October 25, 2012

Vote for me

Colin Powell endorses Barack Obama, but with a case problem:

"You know, I voted for him in 2008 and I plan to stick with him in 2012, and I'll be voting for he and Vice President Joe Biden next month," he said on CBS' "This Morning."
This error (the use of nominative case after a preposition) is usually observed in coordination structures, as in "Jimmy bought the book for Harry and I." I think it's a case of hypercorrection, the use of a non-standard form resulting from a (misdirected) effort to use a correct form. In a subject position in a finite clause, strictly speaking, a pronoun should take its nominative form ("I go," not "Me go"), but in a coordination structure, many speakers find the accusative acceptable, at least in non-formal contexts ("Harry and me went to the party"). However, in formal contexts, nominative case is required ("Harry and I went to the party"). Speakers may generalize that "Harry and I" is better than "Harry and me"), but this is only true in the subject position of a tensed clause, it does not hold for the position of an object ("Sandy invited Harry and me", not "Sandy invited Harry and I"). The same holds for the use of nominative case after a preposition ("between you and I"), as reported hereThe effort to use the "better" form (the one with higher prestige) may in this case result in the use of an ungrammatical form -- hypercorrection. 

Rule of thumb: After "and," use the pronoun you'd use if there were no "and" and no coordination.
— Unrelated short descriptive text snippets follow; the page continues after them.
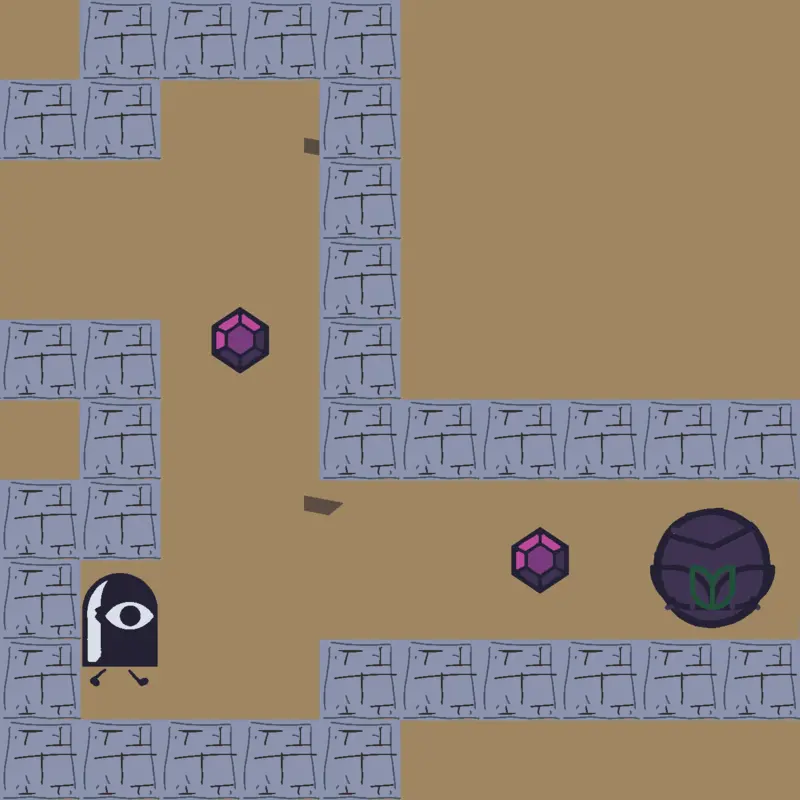 Game by @geryal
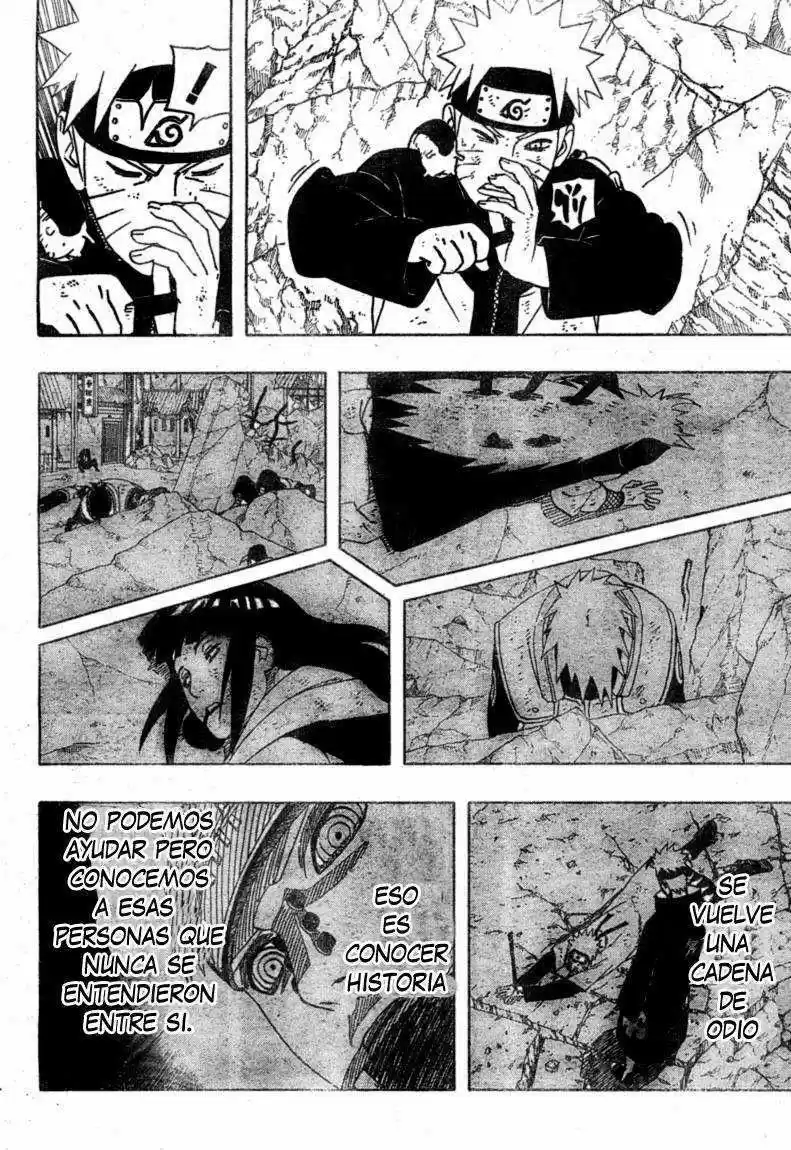Naruto (1999) - Capítulo 443 - Página 6 - LectorTMOo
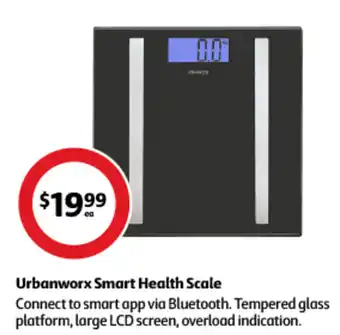 Urbanworx Smart Health Scale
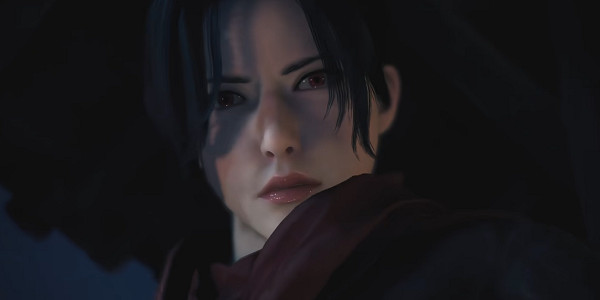 《浪人崛起》捏臉程式碼資料大全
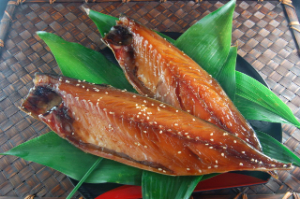 国産 あじみりん １枚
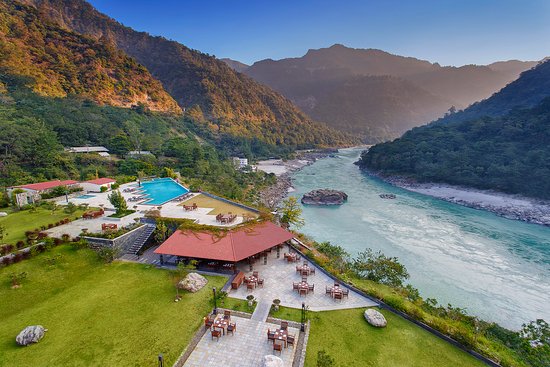  Aloha On The Ganges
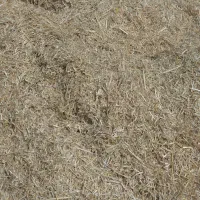 کاه سفید درجه یک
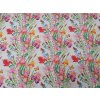 Dekoračné látka LETNÉ KVETY II šírka 140 cm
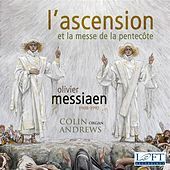 Thumbnail for the Colin Andrews - Messiaen: L'Ascension - Messe de la Pentecote link, provided by host site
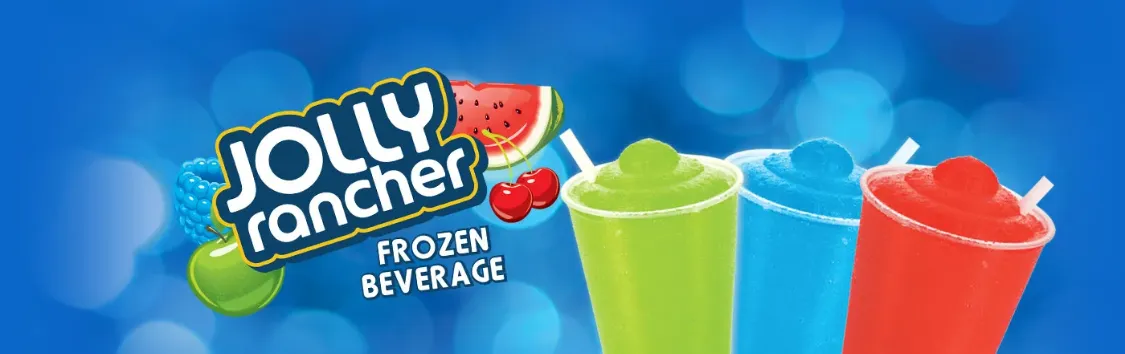 Jolly Rancher Slush 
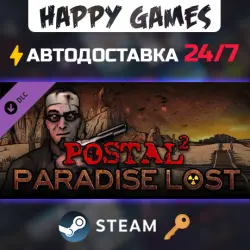 POSTAL 2: Paradise Lost Steam Key Global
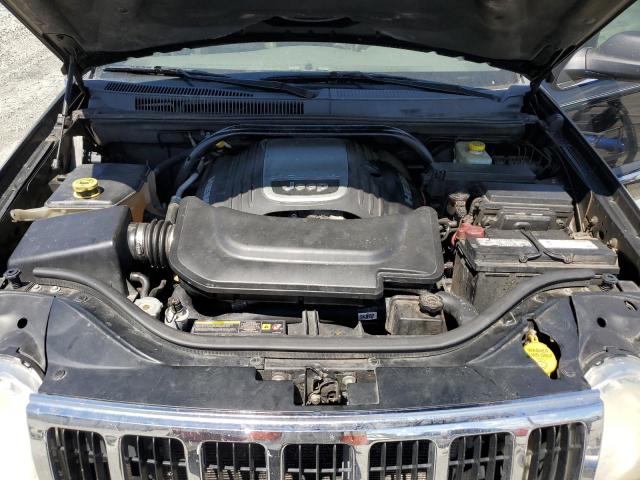 Photo 11 from auction – 2006 JEEP GRAND CHER with VIN 1J4HS58276C258565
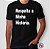 CAMISETA RESPEITA A MINHA HISTÓRIA - Imagem 2
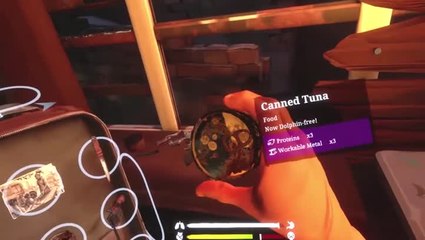 The Walking Dead : Saints & Sinners - 8 minutes de gameplay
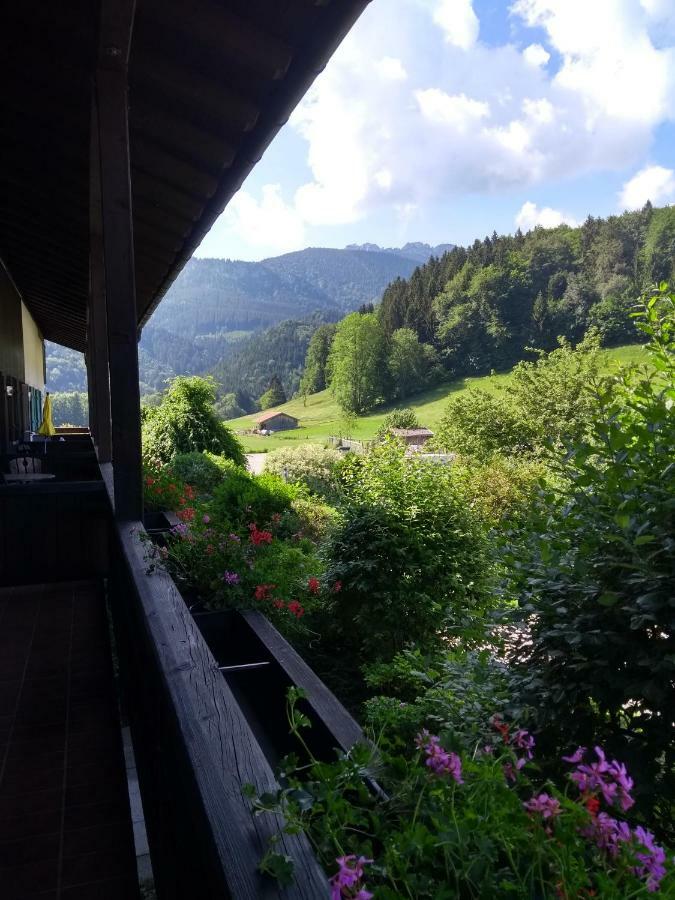 Fewo Chiemsee Spezial Aschau im Chiemgau Buitenkant foto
  • I left. --> Harry and I left.
  • She left me. --> She left Harry and me.
  • I'll vote for him. --> I'll vote for Harry and him.
An extra note on "for:" Unlike "between," for can also act as a subordinating conjunction (or "complementizer"). In this function, it introduces a clause, i.e. it must be followed by a noun phrase and a verb phrase. In this scenario, the noun phrase can be in nominative case. That's why we sing "For he is a jolly good fellow" rather than "For him...". 



October 16, 2012

Binders full of women

Tonight's presidential debate -- supposed to be "a free-flowing question-and-answer session between the candidates and a studio audience at Hoftra University" -- as been called feisty, rancous, aggressive and tense. Any phrase from the debate that stands out? Well, there are Mitt Romney's "binders full of women." A touch ... objectifying, no?

From CNN
Did Mitt Romney really request that as governor of Massachusetts, he be brought "whole binders full of women?" It was his response to a question – on gender pay inequality - which turned heads and started fingers tapping on keyboards. Before the debate was over, there was a Twitter hashtag, a blog, a series of memes, and a Facebook page with over 100,000 fans. The phrase was the third-fastest rising search on Google during the debate.

Here's the relevant excerpt from the debate:
And important topic, and one which I learned a great deal about, particularly as I was serving as governor of my state, because I had the chance to pull together a cabinet and all the applicants seemed to be men. And I -- and I went to my staff, and I said, “How come all the people for these jobs are -- are all men.” They said, “Well, these are the people that have the qualifications.” And I said, “Well, gosh, can’t we -- can’t we find some -- some women that are also qualified?” ROMNEY: And -- and so we -- we took a concerted effort to go out and find women who had backgrounds that could be qualified to become members of our cabinet. I went to a number of women’s groups and said, “Can you help us find folks,” and they brought us whole binders full of women.

October 11, 2012

A bunch of malarkey


If you followed tonight's debate of the two nominees for Vice President, John Biden and Paul Ryan, you agree that the word of the evening was "marlarkey," as in "With all due respect, that's a bunch of malarkey." Politico.com shows that Joe Biden seems rather fond of this word. He thinks it reflects his Irish identity: "We Irish call it malarkey.”

Alas, the word is considered an Americanism and was first recorded in the 1920s. Its supposed Irish origin? Pure malarkey, at least according to the OED:
Etymology:  Origin unknown. A surname Mullarkey , of Irish origin, exists, but no connection is known between any person of that name and this word.